Management is as much an Art as it is a Science. Many of the top issues Management faces today involve "people" and / or "process".
With respect to the former, the Art of Management will come in handy with respect to dealing with peoples, establishing a culture for success, and as well as motivating and leading people towards goal attainment.
The Science of Management, or perhaps the analytical side of Management, may often require reliance on data, or various data sets, and the application of such toward the potential resolution of an issue.
If we knew what to do all of the time, to combat all of the problems, we would never need to study Management.
Understanding Management requires considerable effort; in the event, you are short the ability to put forward this effort, many claim you can throw, "cash" and / or "time" to substitute towards working out meaningful resolutions to your problems. Here, in this section, we look at some of the most common problems Managers face . . . not necessarily area specific; however, largely looking at such from a "global" perspective.
Top Management Problems . . .
1. Lack of quality and / or quality control
2. Lack of supply chain controls
3. Lack of employee productivity, i.e., throughput / hour, etc.

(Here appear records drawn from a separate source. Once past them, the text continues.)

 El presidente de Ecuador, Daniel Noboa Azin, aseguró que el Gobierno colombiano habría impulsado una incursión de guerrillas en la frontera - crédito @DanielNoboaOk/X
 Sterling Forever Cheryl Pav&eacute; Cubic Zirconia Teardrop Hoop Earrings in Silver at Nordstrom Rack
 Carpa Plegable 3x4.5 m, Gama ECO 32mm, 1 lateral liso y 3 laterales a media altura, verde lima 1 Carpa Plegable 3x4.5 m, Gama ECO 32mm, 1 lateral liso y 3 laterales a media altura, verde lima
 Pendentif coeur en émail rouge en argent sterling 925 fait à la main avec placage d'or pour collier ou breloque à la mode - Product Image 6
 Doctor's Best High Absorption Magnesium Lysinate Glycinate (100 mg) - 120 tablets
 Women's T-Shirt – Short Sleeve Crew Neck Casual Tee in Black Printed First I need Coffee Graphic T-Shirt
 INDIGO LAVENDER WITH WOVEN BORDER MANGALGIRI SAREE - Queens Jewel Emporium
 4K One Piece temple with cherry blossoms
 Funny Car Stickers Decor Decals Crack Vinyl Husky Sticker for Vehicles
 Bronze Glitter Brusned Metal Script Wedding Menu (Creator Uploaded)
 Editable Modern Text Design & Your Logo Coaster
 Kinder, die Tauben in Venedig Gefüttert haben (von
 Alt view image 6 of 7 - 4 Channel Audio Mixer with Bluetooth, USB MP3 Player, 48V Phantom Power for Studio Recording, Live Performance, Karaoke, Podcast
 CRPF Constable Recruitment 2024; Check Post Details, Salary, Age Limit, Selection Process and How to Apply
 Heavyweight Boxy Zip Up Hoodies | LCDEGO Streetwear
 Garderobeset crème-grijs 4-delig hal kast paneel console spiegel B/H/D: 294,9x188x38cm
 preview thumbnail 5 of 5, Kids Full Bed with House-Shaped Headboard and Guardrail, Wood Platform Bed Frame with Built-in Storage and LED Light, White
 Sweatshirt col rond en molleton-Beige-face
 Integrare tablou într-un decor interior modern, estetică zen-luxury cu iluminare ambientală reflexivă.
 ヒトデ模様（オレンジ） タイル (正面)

4. Lack of operating capital to invest into process automation
5. Lack of an establish "maintenance" / "upkeep" program
6. Lack of capacity, or the ability to produce as required
7. Lack of Managerial focus on "core" competencies
If employees are all like "snowflakes" i.e., with everyone one being unique, understanding how to motivate the "individual" can be a daunting task. That said, focus your efforts towards a strategy to engage with the "group" rather than the individual to optimize your resources, and time commitment.
With greater employee engagement, so too should productivity increase. Remember, productivity cannot be sustained by offering wage incentives. Although, money is a short term satisfier, it does very little to promote long term productivity gains, employee engagement and general employee satisfaction.
The revolving door is perhaps the most common characterization of this issue; however, such need not be the case. This scenario suggests that turnover can often cost an employer 33% of an employee's salary. There are ways of minimizing the effects of this without committing to salary increases - this is where the Art of Management comes into play. Look for ways of using non-financial means of engaging employees whenever possible.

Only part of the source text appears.